From the first line of the records through the line containing "Renault Kangoo 1.5DCI", retype every line exactly and nothing else.

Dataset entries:

#####

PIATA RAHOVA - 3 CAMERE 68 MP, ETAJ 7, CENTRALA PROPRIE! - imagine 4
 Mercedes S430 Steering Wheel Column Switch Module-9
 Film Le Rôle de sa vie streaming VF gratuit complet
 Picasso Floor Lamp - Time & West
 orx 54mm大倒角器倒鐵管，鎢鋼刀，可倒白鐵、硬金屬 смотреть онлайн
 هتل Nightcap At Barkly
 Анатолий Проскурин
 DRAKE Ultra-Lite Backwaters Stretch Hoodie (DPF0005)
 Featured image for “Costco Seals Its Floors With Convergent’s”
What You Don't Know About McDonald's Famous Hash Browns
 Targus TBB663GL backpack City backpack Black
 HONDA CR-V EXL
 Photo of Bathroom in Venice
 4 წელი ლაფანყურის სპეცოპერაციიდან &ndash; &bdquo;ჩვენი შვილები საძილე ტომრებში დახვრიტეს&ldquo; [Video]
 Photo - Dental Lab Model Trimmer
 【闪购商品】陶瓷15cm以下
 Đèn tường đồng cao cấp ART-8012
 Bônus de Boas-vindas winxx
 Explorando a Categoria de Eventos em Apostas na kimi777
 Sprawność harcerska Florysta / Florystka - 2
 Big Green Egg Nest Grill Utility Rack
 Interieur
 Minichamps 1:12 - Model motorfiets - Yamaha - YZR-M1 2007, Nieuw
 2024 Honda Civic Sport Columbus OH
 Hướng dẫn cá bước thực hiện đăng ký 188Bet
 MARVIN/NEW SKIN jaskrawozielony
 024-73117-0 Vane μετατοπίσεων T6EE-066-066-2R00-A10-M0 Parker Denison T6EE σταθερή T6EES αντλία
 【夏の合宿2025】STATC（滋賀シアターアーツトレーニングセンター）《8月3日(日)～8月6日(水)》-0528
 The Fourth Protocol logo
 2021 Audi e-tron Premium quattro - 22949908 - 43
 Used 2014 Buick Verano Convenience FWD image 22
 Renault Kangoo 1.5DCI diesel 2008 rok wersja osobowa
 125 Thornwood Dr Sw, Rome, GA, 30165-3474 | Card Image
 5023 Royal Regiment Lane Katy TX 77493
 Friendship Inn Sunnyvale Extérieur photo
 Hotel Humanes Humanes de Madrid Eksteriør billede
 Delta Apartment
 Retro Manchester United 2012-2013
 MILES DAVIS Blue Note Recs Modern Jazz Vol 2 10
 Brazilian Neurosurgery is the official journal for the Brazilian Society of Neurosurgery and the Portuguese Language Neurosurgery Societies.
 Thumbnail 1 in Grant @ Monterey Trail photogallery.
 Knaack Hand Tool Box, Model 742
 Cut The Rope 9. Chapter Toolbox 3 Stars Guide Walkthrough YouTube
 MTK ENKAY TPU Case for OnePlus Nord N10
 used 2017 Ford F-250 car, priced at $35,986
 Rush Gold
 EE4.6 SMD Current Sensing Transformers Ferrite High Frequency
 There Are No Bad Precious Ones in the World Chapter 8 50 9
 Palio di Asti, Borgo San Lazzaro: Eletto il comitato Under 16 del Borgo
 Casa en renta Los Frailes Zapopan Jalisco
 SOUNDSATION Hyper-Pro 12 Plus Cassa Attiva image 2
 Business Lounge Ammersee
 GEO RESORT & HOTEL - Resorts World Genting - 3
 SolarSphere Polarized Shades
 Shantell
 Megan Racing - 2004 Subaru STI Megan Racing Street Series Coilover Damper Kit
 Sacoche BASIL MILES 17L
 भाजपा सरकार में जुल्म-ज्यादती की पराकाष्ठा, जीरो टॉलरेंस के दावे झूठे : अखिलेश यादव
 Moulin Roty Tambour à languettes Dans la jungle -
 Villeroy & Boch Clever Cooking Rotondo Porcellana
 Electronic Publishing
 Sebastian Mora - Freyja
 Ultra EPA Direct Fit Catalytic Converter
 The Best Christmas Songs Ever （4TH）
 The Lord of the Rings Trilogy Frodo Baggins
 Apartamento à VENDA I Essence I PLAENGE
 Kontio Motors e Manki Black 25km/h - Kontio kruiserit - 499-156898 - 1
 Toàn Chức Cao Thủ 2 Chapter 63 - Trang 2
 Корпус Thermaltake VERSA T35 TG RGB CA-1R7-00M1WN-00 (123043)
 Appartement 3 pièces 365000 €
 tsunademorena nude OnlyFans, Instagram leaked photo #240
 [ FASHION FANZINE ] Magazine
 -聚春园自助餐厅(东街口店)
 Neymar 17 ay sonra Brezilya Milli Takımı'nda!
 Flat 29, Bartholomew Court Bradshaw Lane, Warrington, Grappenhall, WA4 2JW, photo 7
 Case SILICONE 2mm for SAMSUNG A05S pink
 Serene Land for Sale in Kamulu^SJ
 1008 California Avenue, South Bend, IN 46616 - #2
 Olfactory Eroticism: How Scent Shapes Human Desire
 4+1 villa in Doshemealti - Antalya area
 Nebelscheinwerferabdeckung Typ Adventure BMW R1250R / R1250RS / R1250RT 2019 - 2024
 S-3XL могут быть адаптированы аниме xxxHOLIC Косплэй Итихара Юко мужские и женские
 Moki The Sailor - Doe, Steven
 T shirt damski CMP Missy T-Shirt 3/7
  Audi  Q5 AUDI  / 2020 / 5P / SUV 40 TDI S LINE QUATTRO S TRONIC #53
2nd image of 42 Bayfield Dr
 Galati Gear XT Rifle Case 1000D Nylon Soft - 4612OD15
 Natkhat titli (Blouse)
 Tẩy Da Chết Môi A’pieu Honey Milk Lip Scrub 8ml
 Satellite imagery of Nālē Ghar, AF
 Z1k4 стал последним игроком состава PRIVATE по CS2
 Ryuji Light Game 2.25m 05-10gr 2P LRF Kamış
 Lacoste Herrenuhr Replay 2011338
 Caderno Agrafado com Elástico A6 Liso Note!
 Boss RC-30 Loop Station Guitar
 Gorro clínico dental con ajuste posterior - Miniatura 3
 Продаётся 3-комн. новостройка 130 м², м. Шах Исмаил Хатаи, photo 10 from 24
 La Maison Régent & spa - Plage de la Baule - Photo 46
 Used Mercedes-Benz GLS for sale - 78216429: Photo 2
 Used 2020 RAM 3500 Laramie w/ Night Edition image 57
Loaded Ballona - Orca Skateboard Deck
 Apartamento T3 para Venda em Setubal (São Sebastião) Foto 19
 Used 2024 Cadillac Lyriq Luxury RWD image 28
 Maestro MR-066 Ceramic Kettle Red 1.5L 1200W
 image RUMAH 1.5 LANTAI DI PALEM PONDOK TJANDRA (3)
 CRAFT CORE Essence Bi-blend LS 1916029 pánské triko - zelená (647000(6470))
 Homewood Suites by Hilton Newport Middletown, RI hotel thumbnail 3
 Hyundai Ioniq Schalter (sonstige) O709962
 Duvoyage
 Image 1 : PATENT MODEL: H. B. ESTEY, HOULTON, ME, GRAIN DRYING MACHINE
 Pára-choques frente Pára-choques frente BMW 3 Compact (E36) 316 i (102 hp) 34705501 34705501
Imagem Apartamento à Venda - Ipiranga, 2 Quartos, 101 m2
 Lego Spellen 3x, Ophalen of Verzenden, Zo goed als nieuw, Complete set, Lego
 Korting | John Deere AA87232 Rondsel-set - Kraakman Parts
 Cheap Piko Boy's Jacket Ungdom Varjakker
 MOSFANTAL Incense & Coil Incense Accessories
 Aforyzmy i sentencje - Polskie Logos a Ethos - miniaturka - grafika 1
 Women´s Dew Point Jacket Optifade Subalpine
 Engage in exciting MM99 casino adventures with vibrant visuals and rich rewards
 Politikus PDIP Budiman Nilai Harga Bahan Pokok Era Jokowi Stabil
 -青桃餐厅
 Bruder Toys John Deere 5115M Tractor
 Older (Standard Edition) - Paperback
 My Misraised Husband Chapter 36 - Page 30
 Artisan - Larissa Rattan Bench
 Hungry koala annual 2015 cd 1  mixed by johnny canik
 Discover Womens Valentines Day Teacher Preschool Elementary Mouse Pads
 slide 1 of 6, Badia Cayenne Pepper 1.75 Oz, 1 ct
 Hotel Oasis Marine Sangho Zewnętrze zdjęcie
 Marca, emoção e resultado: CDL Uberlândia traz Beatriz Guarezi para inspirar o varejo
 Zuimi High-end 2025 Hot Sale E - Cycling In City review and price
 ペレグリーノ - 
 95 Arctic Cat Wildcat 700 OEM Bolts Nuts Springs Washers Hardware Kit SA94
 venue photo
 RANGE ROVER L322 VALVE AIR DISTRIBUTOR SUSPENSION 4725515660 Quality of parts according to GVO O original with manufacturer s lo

#####

**ANSWER FOR THIS EXERCISE:**
PIATA RAHOVA - 3 CAMERE 68 MP, ETAJ 7, CENTRALA PROPRIE! - imagine 4
 Mercedes S430 Steering Wheel Column Switch Module-9
 Film Le Rôle de sa vie streaming VF gratuit complet
 Picasso Floor Lamp - Time & West
 orx 54mm大倒角器倒鐵管，鎢鋼刀，可倒白鐵、硬金屬 смотреть онлайн
 هتل Nightcap At Barkly
 Анатолий Проскурин
 DRAKE Ultra-Lite Backwaters Stretch Hoodie (DPF0005)
 Featured image for “Costco Seals Its Floors With Convergent’s”
What You Don't Know About McDonald's Famous Hash Browns
 Targus TBB663GL backpack City backpack Black
 HONDA CR-V EXL
 Photo of Bathroom in Venice
 4 წელი ლაფანყურის სპეცოპერაციიდან &ndash; &bdquo;ჩვენი შვილები საძილე ტომრებში დახვრიტეს&ldquo; [Video]
 Photo - Dental Lab Model Trimmer
 【闪购商品】陶瓷15cm以下
 Đèn tường đồng cao cấp ART-8012
 Bônus de Boas-vindas winxx
 Explorando a Categoria de Eventos em Apostas na kimi777
 Sprawność harcerska Florysta / Florystka - 2
 Big Green Egg Nest Grill Utility Rack
 Interieur
 Minichamps 1:12 - Model motorfiets - Yamaha - YZR-M1 2007, Nieuw
 2024 Honda Civic Sport Columbus OH
 Hướng dẫn cá bước thực hiện đăng ký 188Bet
 MARVIN/NEW SKIN jaskrawozielony
 024-73117-0 Vane μετατοπίσεων T6EE-066-066-2R00-A10-M0 Parker Denison T6EE σταθερή T6EES αντλία
 【夏の合宿2025】STATC（滋賀シアターアーツトレーニングセンター）《8月3日(日)～8月6日(水)》-0528
 The Fourth Protocol logo
 2021 Audi e-tron Premium quattro - 22949908 - 43
 Used 2014 Buick Verano Convenience FWD image 22
 Renault Kangoo 1.5DCI diesel 2008 rok wersja osobowa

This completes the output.